February 15th, 2013
I should perhaps start by saying that Cryptonomicon probably isn’t a book I would have picked up on my own. I’d heard good things about it, and all my friends on Goodreads who have rated this book either liked it or really liked it (four gave it five stars, two gave it four stars, and one gave it three stars), but there wasn’t anything that made me think that I would necessarily really like it. But then my boyfriend gave me a copy for Christmas (it’s one of his favorite books) because we were planning a trip to Manila (I had to go for work; he decided to come along for fun), and chunks of the book are set there. He was re-reading it while I was reading it, which was pretty excellent: one of this book’s big strengths, for me, is the humor, and it was nice to have someone to share funny lines with.

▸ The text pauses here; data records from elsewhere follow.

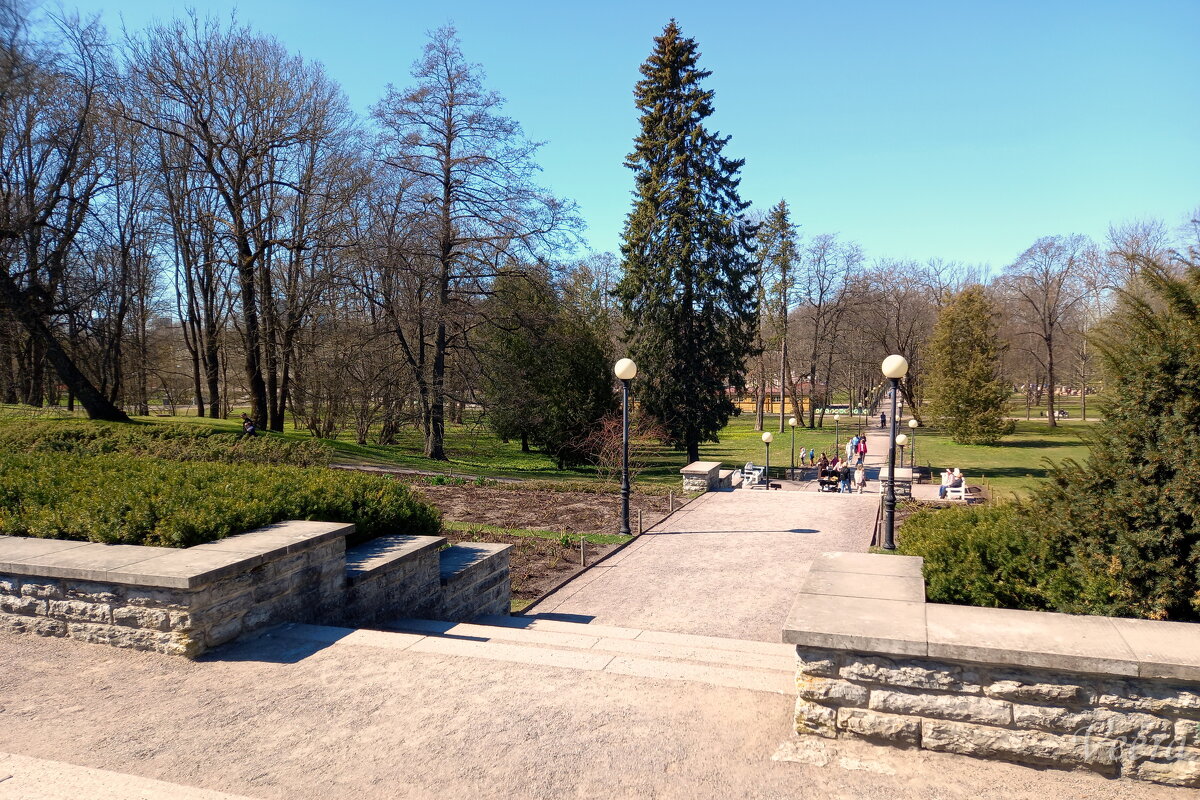 Весна в парке Кадриорг - veera v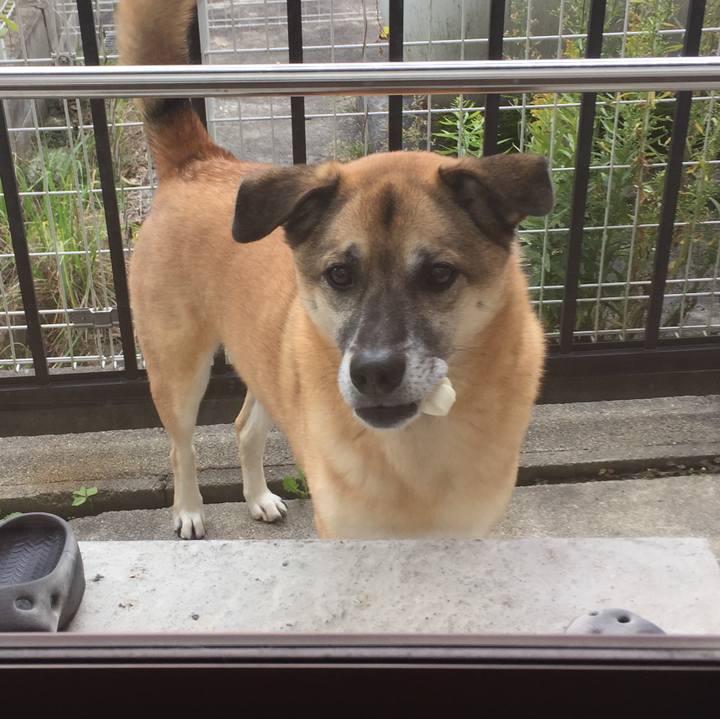 5eb39d3d 9b09 4828 84b5 e94f08ea00be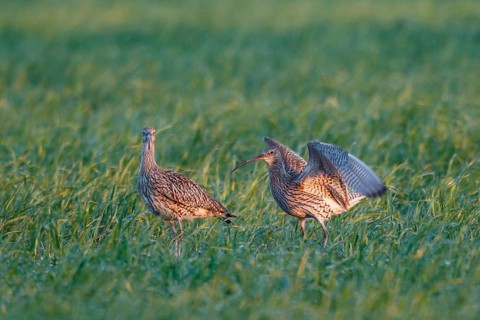 Eurasian Curlew (Numenius arquata) pair displaying, North Rhine-Westpalia, Germany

Another strength of the book is its structure: it jumps around in time between the years before and during WWII and the late 1990s, and follows the intersecting stories of several characters/families of characters. There’s Bobby Shaftoe, a haiku-composing Marine who’s stationed in Shanghai at the book’s start. There’s Lawrence Pritchard Waterhouse, a socially clueless math-and-organ-playing prodigy who’s friends with Alan Turing and becomes a cryptanalyst during the war (and invents a computer). There’s Goto Dengo, a Japanese soldier with a knack for poetry and engineering, who becomes unlikely friends with Bobby Shaftoe. There’s Randy Waterhouse, Lawrence’s grandson, who’s a little less socially clueless but definitely a computer nerd, and who happens to meet and fall for Amy Shaftoe, Bobby’s granddaughter, who runs a marine services company in the Philippines with her father, which entails sonar scans, laying submarine cable, and diving for treasure. The shifting focus of the narratives and the way everything/everyone comes together is pretty satisfying, and the other pleasing thing about the structure is how much is in it besides straight narrative and dialogue: there are haiku, decoded messages, emails, and mathematical problems/digressions, along with occasional diagrams.

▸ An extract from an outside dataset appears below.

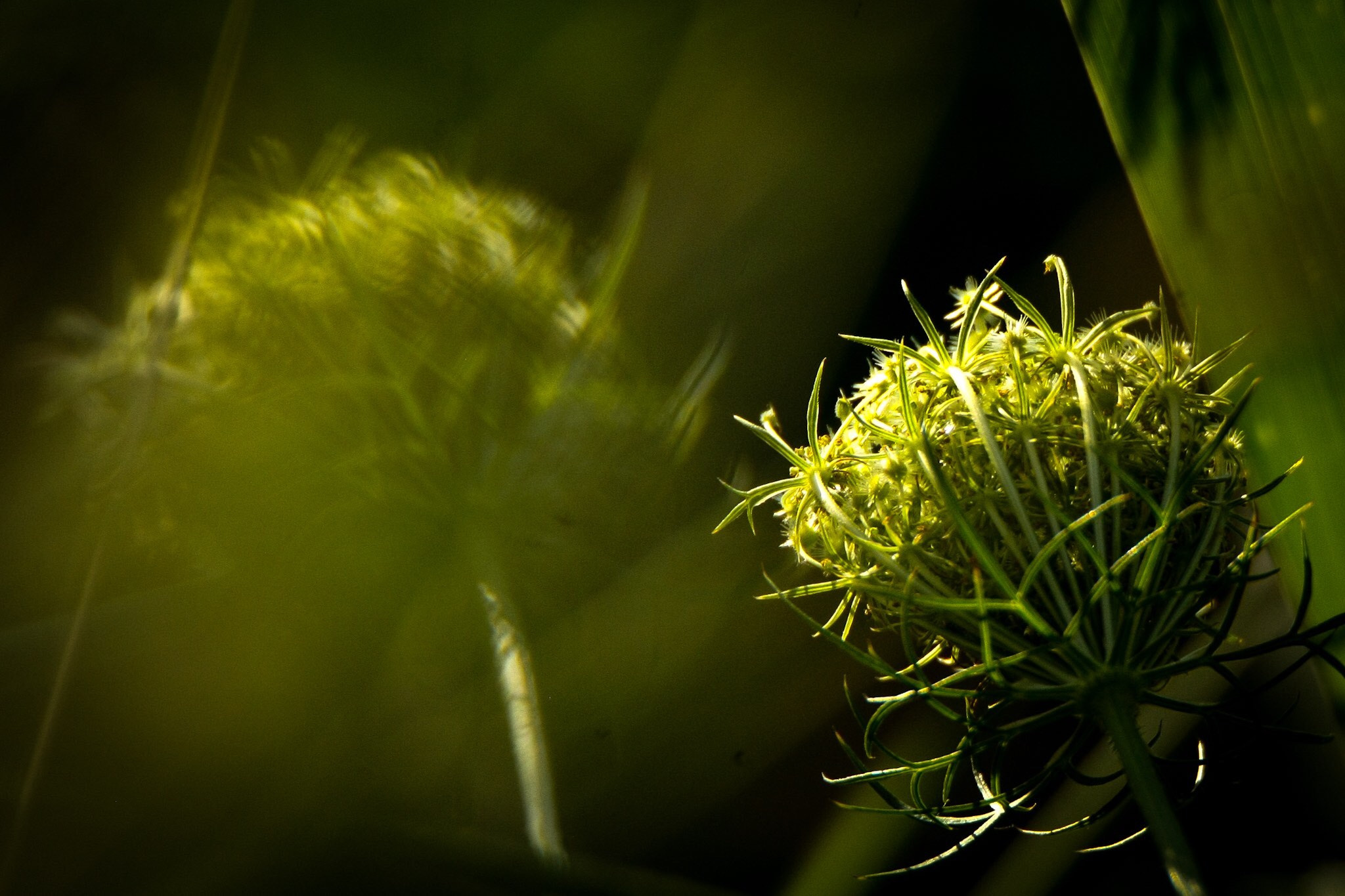 Canon EOS-1Ds Mark III sample photo. Flower photography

All those stories and all those things, though, make for a sprawling book, and sometimes Cryptonomicon was a slog for me. I think most of it was the characters: it bothered me, after a while, that basically all the main characters are dudes, and the women in the story are basically all relatives of the men or love-interests of the men. There are a few exceptions—the company Randy’s part of has a female partner (though she gets less time in the story than any of the other stakeholders of the company) and a female secretary (who’s kind of an intentional token character). I’m pretty sure that this book does not pass the Bechdel test. I don’t normally think of myself as wanting/needing significant female characters in order to really like a book—I mean, I’m not a gender essentialist/I don’t actually believe in a gender binary—but here it irked me. I think it was partly to do with the ensemble nature of the story/structure: if I’m reading a book that’s told through first-person narration, or even is a narrative centered around a single person, I don’t necessarily care if that person is a man or a woman or whatever. But if I’m getting a story that alternates its center/shifts its focus, but somehow keeps focusing on people who are dudes, that grates a bit. My other problem with the book was that sometimes Stephenson’s style veers close to over-written: there are moments when it seems fully intentional and therefore works for me: there’s a great moment in a chapter focused on Lawrence that takes a metaphor too far in a way that’s somehow totally apt: there’s talk about how when he crosses the street in London he can’t remember which way the traffic is coming from, which “diverts his train of thought onto a siding, much to the disturbance of its passengers and crew” (143-144). But then there are sentences like this, which kind of makes me want to grind my teeth: “The sun has made a long, skidding crash-landing along the Malay Peninsula a few hundred kilometers west, breaking open and spilling its thermonuclear fuel over about half of the horizon, trailing out a wall of salmon and magenta clouds that have blown a gash all the way through the shell of the atmosphere and erupted into space” (pp 890-891).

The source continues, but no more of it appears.